Les musiciens, grands enfants, sont aussi des fans. Admirateurs, à la volée, de quelques grands noms des scènes musicales bigarrées et transversales, leur béatitude les amène souvent à pousser la chansonnette avec des pygmalions insoupçonnés, à quitter quelques instants le devant de la scène pour réaliser leurs rêves harmoniques les plus secrets. Au rang des habitués du genre, Sonic Youth, groupe « presque à la mode », qui pousse vers les neon-lights des personnages cultes de l’inconnu musical (Merzbow, Ikue Mori). Et dans le grand fourre-tout du culte underground, Pascal Comelade fait figure de pape discret d’un minimalisme forcené et d’un art brut relâché. On retrouve à ses côtés, au hasard des albums, Miossec, Yann Tiersen, Robert Wyatt ou PJ Harvey. Sur cet album presque éponyme, exit le maître, place aux élèves.

Soucieux d’éviter l’écueil de la reprise, ce collectif japonais a choisi la voie de la fanfare, en opposition au dépouillement gentiment mécanique du trublion catalan.

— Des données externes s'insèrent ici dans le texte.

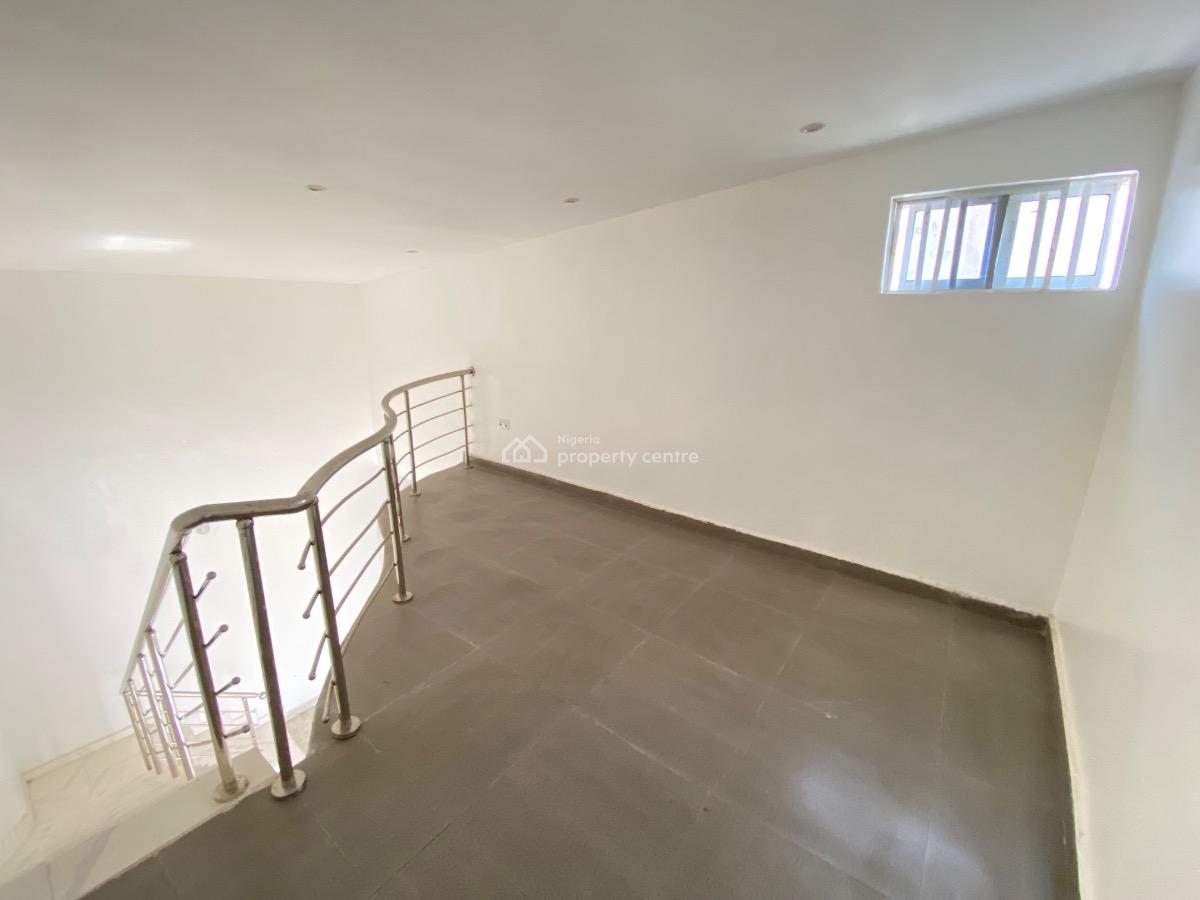 Exquisite Newly Built 4 Bedroom Terraced Duplex with Bq, Ikate, Lekki, Lagos, Terraced Duplex for Sale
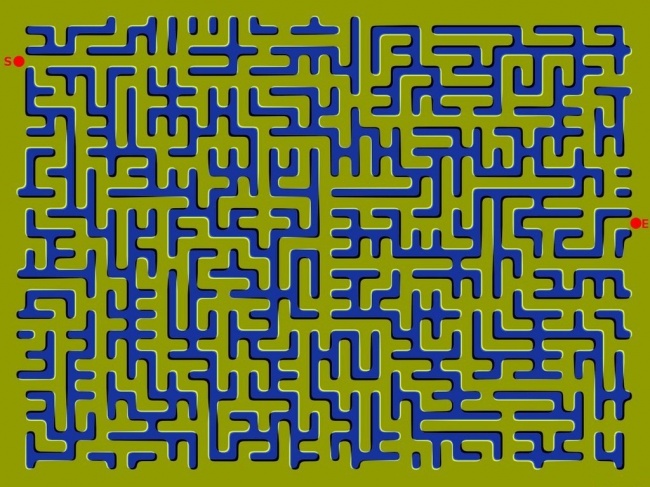 The following 12 optical illusion photos will make you dazzle Picture 4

La formation, étoffée, rappelle les heures du Bel Canto Orquestra, groupe éclaté où Comelade côtoyait Jac Berrocal et Pierre Bastien, instrumentistes géniaux et amis de longue date. Le line-up, dirigé en douceur par Rocket Matsu, fait la part belle aux instruments comeladiens : pianica, mandolines, accordéons, toy-pianos, ukulele, scie musicale et autres mécanos musicaux. Le résultat, plus orchestral, ne tombe jamais pour autant dans la grandiloquence. Les thèmes, ritournelles simples et obsédantes, se font moins hispanisants, sans pour autant partir dans la relecture nippone traditionnelle. C’est bien d’ailleurs la réussite de cet album très cohérent que de faire cohabiter des cultures musicales éloignées en une rencontre fortuite sur fonds d’airs enfantins et d’aria populaires nostalgiques. Une musique nonchalante et troublante, facile sans être sucrée. Un exercice de relecture réussi.